R&N : Quels sont ces « moyens de la survie » que vous évoquez ?

Philippe Pichot-Bravard : Aujourd’hui, nous devons, pour notre survie même, nous unir pour :
1- Retrouver la fierté de notre qualité de Français, de notre langue, de notre culture et de nos traditions, reconnaître les racines chrétiennes de notre civilisation, sortir de la spirale mortifère des repentances, sortir de cet état d’esprit d’autodestruction que certains intellectuels ont injecté dans le corps social depuis plus de cinquante ans. Cela implique de rompre avec la culture de mort qui menace gravement l’avenir de notre pays, pour renouer avec la culture de vie. Un pays qui qualifie de « droit fondamental » l’avortement qui est, en réalité, une souffrance fondamentale est gravement malade. Un pays qui considère comme un bien l’élimination de deux cent vingt-cinq mille de ses enfants, avant même leur naissance, se condamne lui-même à brève échéance, en même temps qu’il condamne ces enfants. Nous devons retrouver notre âme.
2- Retrouver la maîtrise de notre destin, ce qui implique que les prérogatives régaliennes de souveraineté soient exercées à Paris et non à Bruxelles, à Washington ou à New York ; ce qui implique que nous soyons maîtres de nos frontières, maîtres de choisir ceux que nous accueillons sur notre sol et les conditions auxquelles nous leur demandons de se soumettre pour y être accueillis.

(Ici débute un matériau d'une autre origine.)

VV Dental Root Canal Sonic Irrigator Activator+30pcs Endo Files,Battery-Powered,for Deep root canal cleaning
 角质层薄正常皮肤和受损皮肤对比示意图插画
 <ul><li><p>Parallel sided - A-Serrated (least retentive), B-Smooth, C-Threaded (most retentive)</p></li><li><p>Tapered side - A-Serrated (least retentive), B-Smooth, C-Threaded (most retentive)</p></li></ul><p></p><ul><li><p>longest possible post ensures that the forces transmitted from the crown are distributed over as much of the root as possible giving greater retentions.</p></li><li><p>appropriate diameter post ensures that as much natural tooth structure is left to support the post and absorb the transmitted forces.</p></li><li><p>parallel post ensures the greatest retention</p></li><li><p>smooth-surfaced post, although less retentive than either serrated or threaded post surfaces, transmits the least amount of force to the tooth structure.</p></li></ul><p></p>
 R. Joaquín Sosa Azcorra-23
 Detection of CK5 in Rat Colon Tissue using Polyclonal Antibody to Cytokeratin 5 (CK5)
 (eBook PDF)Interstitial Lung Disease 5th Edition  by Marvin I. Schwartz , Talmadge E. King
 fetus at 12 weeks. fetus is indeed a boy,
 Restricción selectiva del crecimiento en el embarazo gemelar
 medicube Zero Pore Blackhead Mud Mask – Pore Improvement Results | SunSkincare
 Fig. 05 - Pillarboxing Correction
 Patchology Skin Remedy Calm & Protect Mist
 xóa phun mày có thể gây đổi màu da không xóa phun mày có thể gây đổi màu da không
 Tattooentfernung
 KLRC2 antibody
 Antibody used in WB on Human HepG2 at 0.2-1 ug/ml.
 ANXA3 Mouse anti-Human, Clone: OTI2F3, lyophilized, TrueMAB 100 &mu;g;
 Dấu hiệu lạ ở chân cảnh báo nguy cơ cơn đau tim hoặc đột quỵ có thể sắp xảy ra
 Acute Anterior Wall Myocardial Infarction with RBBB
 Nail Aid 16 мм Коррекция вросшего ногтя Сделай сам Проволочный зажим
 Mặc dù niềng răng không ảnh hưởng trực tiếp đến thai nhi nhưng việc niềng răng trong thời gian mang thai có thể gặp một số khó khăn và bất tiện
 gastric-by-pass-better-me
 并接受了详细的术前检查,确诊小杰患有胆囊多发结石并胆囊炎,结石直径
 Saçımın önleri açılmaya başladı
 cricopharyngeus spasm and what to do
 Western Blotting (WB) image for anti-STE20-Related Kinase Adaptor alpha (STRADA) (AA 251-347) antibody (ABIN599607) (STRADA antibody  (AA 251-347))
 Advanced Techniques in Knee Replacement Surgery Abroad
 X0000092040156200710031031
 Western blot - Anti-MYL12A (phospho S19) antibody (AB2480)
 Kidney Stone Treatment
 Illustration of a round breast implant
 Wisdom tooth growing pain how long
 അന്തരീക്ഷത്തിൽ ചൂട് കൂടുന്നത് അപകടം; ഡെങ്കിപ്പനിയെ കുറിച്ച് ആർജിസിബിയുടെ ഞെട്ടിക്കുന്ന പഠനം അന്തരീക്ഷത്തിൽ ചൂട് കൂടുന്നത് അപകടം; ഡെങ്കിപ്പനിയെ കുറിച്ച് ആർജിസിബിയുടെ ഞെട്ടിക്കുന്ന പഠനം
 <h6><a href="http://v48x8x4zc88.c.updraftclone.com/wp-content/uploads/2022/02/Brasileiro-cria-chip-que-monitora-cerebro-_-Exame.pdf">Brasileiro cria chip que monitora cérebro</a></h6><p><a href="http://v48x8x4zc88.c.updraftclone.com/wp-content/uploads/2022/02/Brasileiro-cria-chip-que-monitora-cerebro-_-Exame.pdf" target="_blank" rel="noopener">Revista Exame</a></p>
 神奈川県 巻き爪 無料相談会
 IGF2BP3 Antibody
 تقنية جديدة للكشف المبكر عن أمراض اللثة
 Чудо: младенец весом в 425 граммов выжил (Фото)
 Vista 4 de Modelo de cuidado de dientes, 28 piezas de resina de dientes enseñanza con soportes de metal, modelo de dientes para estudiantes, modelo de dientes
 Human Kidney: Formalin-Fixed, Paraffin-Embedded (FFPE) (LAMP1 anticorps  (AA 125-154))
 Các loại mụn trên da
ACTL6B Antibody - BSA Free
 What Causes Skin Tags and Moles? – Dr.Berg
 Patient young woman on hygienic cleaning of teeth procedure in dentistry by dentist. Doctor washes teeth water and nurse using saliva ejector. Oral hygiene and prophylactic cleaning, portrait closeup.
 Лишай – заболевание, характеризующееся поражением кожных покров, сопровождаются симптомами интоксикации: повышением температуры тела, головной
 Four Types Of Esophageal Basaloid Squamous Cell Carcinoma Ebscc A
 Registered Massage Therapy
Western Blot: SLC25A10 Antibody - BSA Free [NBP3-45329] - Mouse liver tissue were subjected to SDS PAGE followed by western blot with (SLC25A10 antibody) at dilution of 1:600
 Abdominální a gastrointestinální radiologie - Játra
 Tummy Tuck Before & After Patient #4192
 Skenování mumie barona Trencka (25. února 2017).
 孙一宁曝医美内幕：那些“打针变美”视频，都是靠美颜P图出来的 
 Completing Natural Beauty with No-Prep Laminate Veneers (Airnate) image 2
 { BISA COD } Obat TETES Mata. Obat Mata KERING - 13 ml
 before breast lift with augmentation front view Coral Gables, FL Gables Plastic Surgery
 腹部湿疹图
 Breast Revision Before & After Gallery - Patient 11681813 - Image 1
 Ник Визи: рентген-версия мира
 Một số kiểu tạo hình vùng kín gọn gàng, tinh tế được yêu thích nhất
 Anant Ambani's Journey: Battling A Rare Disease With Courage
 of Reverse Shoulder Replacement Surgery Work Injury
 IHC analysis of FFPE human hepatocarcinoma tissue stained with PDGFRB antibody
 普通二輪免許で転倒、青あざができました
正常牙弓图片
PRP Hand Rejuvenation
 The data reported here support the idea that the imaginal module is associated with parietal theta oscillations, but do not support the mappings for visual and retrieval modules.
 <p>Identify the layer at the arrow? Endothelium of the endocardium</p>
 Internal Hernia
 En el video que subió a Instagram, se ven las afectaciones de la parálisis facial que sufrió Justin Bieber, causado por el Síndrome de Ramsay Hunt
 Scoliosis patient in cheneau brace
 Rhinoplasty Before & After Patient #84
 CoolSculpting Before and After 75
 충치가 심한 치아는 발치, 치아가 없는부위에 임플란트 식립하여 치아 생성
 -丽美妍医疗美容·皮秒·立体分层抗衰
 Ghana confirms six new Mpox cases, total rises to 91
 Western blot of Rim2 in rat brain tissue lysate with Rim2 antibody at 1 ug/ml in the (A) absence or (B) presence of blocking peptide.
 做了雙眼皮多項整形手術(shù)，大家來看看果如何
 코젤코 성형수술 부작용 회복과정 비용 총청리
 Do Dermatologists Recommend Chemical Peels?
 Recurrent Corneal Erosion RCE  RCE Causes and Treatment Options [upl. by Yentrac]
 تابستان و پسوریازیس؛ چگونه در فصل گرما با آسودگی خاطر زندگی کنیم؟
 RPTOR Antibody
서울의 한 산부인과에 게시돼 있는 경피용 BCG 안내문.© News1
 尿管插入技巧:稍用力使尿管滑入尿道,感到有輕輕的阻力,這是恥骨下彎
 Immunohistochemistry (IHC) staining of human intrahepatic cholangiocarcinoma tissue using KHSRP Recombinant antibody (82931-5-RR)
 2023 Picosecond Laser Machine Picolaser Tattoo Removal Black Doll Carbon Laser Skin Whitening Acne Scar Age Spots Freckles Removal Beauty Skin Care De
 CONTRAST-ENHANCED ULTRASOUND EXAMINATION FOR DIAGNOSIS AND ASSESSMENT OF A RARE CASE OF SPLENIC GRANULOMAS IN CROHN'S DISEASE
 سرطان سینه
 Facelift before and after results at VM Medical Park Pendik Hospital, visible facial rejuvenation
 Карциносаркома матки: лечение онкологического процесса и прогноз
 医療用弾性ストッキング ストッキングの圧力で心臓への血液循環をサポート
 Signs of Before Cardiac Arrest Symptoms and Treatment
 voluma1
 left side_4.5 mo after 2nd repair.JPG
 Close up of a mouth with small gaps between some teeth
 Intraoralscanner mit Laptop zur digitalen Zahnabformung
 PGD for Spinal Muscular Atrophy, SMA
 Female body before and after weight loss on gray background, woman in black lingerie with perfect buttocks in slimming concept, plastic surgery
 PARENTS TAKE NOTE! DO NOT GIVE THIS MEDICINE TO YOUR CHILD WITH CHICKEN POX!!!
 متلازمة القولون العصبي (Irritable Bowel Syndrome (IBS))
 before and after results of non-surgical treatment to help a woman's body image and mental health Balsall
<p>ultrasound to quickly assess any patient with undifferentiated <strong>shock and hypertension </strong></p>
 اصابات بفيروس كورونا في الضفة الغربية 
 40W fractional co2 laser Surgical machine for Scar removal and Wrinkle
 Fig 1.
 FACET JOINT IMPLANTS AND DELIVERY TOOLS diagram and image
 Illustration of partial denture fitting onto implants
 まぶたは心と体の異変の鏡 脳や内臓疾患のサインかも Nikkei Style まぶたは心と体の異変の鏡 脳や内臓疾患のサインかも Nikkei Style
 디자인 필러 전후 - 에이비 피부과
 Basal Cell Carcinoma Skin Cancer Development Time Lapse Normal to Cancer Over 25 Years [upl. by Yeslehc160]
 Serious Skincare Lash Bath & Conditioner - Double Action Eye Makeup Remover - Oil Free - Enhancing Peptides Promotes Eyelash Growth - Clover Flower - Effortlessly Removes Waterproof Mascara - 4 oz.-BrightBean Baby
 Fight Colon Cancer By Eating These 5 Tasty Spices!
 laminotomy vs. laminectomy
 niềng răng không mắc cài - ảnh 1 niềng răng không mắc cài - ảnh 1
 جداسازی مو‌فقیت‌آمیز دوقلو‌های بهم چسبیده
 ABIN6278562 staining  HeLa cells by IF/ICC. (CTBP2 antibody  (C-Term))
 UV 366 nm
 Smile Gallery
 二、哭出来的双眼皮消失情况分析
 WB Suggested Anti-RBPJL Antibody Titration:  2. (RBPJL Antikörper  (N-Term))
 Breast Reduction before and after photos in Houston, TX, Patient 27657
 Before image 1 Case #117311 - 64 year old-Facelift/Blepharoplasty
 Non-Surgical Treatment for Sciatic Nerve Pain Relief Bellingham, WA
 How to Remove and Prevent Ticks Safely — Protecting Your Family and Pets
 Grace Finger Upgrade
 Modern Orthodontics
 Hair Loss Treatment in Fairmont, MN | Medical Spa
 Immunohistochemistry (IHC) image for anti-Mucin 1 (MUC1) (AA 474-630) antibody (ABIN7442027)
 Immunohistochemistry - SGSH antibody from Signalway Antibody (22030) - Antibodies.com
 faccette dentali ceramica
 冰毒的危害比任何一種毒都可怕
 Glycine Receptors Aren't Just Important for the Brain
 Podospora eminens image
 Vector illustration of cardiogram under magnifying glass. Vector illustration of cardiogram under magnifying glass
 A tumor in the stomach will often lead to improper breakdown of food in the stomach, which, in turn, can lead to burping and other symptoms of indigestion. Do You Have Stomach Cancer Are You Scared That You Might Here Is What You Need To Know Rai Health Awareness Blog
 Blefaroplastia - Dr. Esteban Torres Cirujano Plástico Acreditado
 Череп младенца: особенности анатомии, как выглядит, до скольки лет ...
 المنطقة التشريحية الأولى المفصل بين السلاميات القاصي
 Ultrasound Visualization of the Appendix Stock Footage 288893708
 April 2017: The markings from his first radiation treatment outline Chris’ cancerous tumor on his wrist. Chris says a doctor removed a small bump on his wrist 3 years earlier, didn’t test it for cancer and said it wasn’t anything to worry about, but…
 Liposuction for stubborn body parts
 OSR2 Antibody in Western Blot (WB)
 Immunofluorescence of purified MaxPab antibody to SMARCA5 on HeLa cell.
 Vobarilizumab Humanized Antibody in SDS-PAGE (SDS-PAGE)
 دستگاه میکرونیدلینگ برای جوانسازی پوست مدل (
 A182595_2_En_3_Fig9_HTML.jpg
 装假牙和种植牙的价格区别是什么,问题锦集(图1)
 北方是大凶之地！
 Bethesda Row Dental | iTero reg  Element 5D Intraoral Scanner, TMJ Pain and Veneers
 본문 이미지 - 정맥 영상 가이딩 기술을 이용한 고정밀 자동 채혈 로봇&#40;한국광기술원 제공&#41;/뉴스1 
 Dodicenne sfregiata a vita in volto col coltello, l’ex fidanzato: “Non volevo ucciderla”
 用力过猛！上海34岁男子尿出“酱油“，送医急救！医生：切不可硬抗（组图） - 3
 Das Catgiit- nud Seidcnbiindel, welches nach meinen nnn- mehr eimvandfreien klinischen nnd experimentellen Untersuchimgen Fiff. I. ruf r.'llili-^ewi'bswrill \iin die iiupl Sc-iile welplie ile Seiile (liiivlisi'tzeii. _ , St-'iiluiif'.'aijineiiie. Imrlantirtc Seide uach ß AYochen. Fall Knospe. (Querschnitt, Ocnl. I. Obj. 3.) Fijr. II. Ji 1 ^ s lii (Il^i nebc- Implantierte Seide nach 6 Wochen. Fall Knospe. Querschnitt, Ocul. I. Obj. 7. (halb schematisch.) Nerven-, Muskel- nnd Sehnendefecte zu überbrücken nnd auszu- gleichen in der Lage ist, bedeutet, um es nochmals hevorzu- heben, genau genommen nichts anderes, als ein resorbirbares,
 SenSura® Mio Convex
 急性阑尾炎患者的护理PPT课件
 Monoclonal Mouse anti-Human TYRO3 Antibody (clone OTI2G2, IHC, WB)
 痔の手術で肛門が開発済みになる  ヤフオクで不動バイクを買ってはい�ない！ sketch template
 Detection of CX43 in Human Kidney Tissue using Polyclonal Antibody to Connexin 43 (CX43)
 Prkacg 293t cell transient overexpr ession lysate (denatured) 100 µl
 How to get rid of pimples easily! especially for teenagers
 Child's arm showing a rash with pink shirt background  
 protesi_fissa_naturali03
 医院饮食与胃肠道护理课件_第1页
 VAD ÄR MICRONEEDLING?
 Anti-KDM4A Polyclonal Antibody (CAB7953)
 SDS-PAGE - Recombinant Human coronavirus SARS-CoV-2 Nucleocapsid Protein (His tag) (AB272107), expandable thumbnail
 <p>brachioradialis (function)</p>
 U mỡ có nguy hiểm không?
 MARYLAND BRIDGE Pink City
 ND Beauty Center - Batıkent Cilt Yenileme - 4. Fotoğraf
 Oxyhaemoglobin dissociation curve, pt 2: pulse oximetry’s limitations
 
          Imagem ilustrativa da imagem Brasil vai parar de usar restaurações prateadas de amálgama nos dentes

3- Retrouver notre indépendance financière, ce qui implique une politique d’orthodoxie budgétaire : un État qui doit emprunter chaque année quelque cent quatre-vingt-dix milliards est nécessairement soumis aux exigences des puissances financières auxquelles il les emprunte. Par conséquent, échapper à la tutelle de la finance internationale passe par une politique d’équilibre budgétaire, et par la réforme des mécanismes de financement de l’État  ;
4- Simplifier les procédures bureaucratiques, traquer les pesanteurs administratives, supprimer les subventions considérables versées aux lobbies et à des programmes purement idéologiques de transformation sociale, diminuer drastiquement le nombre de comités d’études qui ne servent qu’à donner de confortables sinécures à des « copains », diminuer les budgets de communication, et réinjecter l’argent ainsi épargné dans l’économie en diminuant de manière importante les charges des petites entreprises, des artisans et des exploitations agricoles dont l’activité renforce le tissu social : n’oublions pas que ce sont eux qui créent les emplois ;
5- Libérer l’école afin de rendre aux parents la liberté, naturelle, de choisir l’éducation donnée à leurs enfants, contraindre ainsi l’éducation prétendument nationale à se réformer et à recentrer ses objectifs sur la transmission des savoirs essentiels et l’orientation des jeunes vers la formation professionnelle la plus adaptée à leurs capacités et à leurs talents.
6- Faire véritablement régner la justice dans ce pays, ce qui implique, notamment, de réécrire le préambule de la Constitution pour y réaffirmer solennellement l’autorité intangible du droit naturel, sans laquelle l’État de droit n’est qu’un leurre qui ne permet pas de faire régner la justice dans la société française ; ce qui implique de réformer le conseil constitutionnel, afin qu’il soit composé de personnalités indépendantes nommées par une autorité indépendante, et non de personnalités politiques nommées par des autorités politiques ; ce qui implique aussi de réformer l’École nationale de la magistrature pour que les magistrats soient des serviteurs objectifs de l’équité et non des militants au service d’une idéologie.
Cette union, le Roi, parce qu’il est indépendant des groupes de pression et des partis, peut la réaliser. Ce sursaut de la survie, parce qu’il a l’autorité et le temps, il peut en être le chef d’orchestre.